O Tribunal de Justiça da Paraíba (TJPB) afastou cautelarmente o juiz Macário de Oliveira Júnior, da Comarca de Cajazeiras, enquanto apura sua suposta participação em um esquema criminoso que teria favorecido detentos de alta periculosidade com liberações ilegais. A decisão foi tomada por meio de portaria assinada pelo presidente do TJPB, desembargador Fred Coutinho, com base em relatório da Corregedoria-Geral de Justiça e nas investigações da Operação Ergástulo, conduzida pelo Grupo de Atuação Especial de Combate ao Crime Organizado (GAECO).

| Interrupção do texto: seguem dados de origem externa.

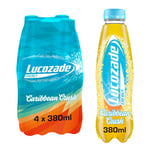 Lucozade Energy Caribbean Crush 4X380 ml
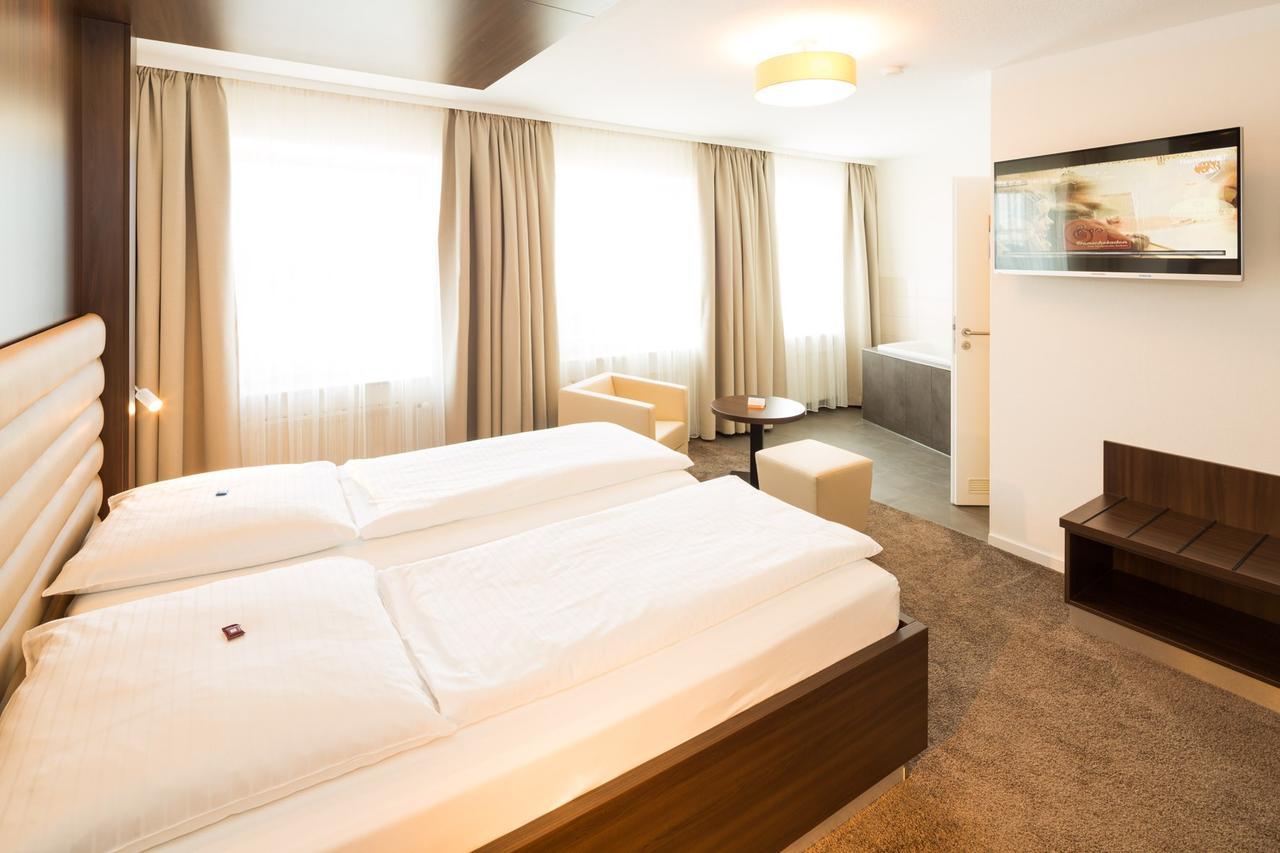 Heikotel - Hotel Windsor Hamborg Eksteriør billede
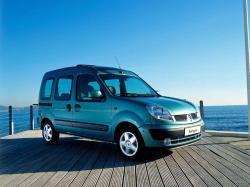 Renault Kangoo I Рестайлинг - 2003 по 2009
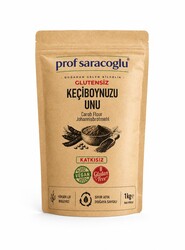 profsaracoglu - Prof Saracoglu Glutensiz Keçiboynuzu Unu 1 kg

De acordo com os autos do processo administrativo disciplinar, uma organização criminosa estaria facilitando a soltura de presos da Penitenciária Regional de Cajazeiras mediante práticas fraudulentas. O esquema envolveria ainda o ex-diretor da unidade prisional, Tales Alves de Almeida, dois advogados e uma médica.
As investigações indicam que os detentos buscavam transferência para a penitenciária de Cajazeiras com o objetivo de obter, posteriormente, prisão domiciliar sob a justificativa de tratamento médico para doenças graves como câncer ou problemas renais. Em outros casos, conseguiam a liberdade por meio da remição de pena com base em supostas atividades de trabalho, estudo ou leitura — muitas das quais seriam fraudulentas.
Segundo o GAECO, os documentos utilizados para justificar os benefícios penais, como atestados, certidões e declarações, seriam falsos ou inflados. As supostas fraudes permitiam progressões de regime, livramentos condicionais e solturas antecipadas. Em alguns casos, os presos já estavam recolhidos em outras comarcas e as atividades alegadas nunca foram efetivamente realizadas.
O grupo investigado cobraria entre R$ 70 mil e R$ 150 mil por liberação, valores pagos diretamente aos advogados envolvidos, que atuavam nos processos. As liberações, conforme as suspeitas, eram supostamente chanceladas pelo juiz Macário de Oliveira, o que levou ao seu afastamento para que os fatos sejam devidamente apurados. A investigação também aponta uma relação de proximidade entre o magistrado e o então diretor da penitenciária.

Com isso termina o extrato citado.